I’m curious to see if he’s able to step it up a notch once recovered after this Giro. Sure he will have gained a solid base, but he’d still be missing the repeated high intensity CX and MTB has allways provided for him.
I will be interested if UAE and trek save there legs for the team leader / pink jersey by not going in the break or will the management have faith in the riders Almeida and Lopez.
With Almeida being a big favourite for at least a podium he should have full team support other than gaviria. But formolo has been up the road already and then not 100% recovered for the GC stage. If Almedia can’t get full support in the giro even with the weaker GC team lineup he should consider moving again. There are plenty of teams that would give him close to 100% in this race.
I would love Almeida to win tbh – not really for his team, but it’s always nice for a country like Portugal to have something to shout about in cycling and inspire the next generation.
Bardet was the rider I wanted to win before yesterday.
Were this a few years ago I would have liked Landa but my support for him is on the wane if I’m honest… Caparaz has won before, which leaves Almeida or Hindley to root for. And for some reason I’m going with Almeida, also because his presence will force attacks and make for a better race.
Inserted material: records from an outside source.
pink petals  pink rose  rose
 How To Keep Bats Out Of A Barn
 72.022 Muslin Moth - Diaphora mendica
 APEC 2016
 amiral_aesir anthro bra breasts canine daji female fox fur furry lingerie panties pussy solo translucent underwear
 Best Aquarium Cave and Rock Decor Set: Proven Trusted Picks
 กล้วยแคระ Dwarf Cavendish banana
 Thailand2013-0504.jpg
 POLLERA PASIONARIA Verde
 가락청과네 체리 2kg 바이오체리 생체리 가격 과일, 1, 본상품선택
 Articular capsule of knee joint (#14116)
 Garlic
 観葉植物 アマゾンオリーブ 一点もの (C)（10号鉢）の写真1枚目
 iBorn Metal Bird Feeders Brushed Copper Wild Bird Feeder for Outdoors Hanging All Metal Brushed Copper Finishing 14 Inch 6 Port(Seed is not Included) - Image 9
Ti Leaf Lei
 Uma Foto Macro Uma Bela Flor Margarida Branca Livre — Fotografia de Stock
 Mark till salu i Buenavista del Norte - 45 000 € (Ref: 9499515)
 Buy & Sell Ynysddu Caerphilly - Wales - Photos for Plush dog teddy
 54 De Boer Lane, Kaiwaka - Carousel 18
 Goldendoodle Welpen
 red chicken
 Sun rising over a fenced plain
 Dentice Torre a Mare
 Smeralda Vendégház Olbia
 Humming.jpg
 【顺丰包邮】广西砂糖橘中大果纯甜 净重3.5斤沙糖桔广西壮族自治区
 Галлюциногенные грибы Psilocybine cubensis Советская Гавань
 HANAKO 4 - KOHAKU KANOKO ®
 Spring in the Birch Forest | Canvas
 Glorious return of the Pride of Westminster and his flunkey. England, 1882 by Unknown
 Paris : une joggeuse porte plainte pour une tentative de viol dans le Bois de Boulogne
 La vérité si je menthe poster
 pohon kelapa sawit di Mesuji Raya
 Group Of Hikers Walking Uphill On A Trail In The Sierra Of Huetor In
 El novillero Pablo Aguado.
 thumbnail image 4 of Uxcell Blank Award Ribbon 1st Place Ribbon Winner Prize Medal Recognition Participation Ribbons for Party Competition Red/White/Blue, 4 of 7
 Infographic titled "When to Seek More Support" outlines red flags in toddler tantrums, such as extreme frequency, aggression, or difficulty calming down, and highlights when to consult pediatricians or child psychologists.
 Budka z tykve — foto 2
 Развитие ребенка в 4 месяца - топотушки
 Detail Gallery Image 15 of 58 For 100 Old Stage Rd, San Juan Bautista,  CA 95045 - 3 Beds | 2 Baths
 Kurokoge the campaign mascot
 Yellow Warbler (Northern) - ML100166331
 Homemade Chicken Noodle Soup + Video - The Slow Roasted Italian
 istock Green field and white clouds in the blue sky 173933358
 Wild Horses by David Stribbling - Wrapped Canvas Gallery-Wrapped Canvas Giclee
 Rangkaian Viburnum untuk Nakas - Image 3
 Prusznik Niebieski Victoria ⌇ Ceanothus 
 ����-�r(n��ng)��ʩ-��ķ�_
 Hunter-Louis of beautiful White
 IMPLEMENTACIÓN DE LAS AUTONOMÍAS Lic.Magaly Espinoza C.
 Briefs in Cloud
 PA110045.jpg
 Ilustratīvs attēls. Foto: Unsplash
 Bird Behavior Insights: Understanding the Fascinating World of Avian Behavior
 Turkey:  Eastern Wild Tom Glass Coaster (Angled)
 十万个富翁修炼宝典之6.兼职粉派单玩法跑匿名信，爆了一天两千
Italy holds the world championships pretty regularly and it feels a bit like with this and the Napoli course they’re showing us their next two circuits!
Big shame for Bardet who was looking very good. There’s nothing worse than that feeling when you’re genuinely ill and you try to do something but the tanks are completely empty. French GC riders seem to encounter more than their fair share of bad luck.
As above – likewise gutted reBardet. As I was Pinot at the TDF a few years ago (which he did look on course to win). But still also feel (despite Bardet not being on a French team now) that luck can’t be all of it and something in French cycling/teams is missing (probably at youth level rather than the teams?) that consistently holds their riders back from winning big GTs in in the last 30/40 years.
Does the steepness of the climb open up the opportunity for Valverde to snatch a few seconds on GC, or a stage win if the break doesn’t go clear??
Or a shark attack down the last descent into torino?
That would be great to see one final time in the Giro. Even better a farewell stage win for a true legend of the sport. If not today, maybe a week 3 mountains win as Nibali is known for his endurance late in a GT?
Caicedo is a real left wing pick, available at 150/1! It’s such a lottery it’s hard picking a rider to get in the break, let alone winning. Buitrago has looked good on occasions.
I wonder if Inez’s will chase if the break is not too far ahead, as Carapaz will no doubt back himself to win and pick up any bonus seconds.
I can’t help thinking that Maestri’s breakaway companions must have been pretty annoyed to learn that instead of helping the break stay away, he’d saved enough energy for a last ditch attack right when the peloton caught them. Will that make it more difficult for him to be allowed into breaks in the near future – at least if AG2R, EF or Jumbo have anything to do with it?
I think many riders can be fairly sanguine about breakaway tactics knowing DS instructions may dictate other riders games, plus the need for all riders to bluff a little to win big from a breakaway – especially if they’re on a tiny non-world tour team.
Wasn’t it the EF rider that launched the first attack and put an end to all the cohesion in the group?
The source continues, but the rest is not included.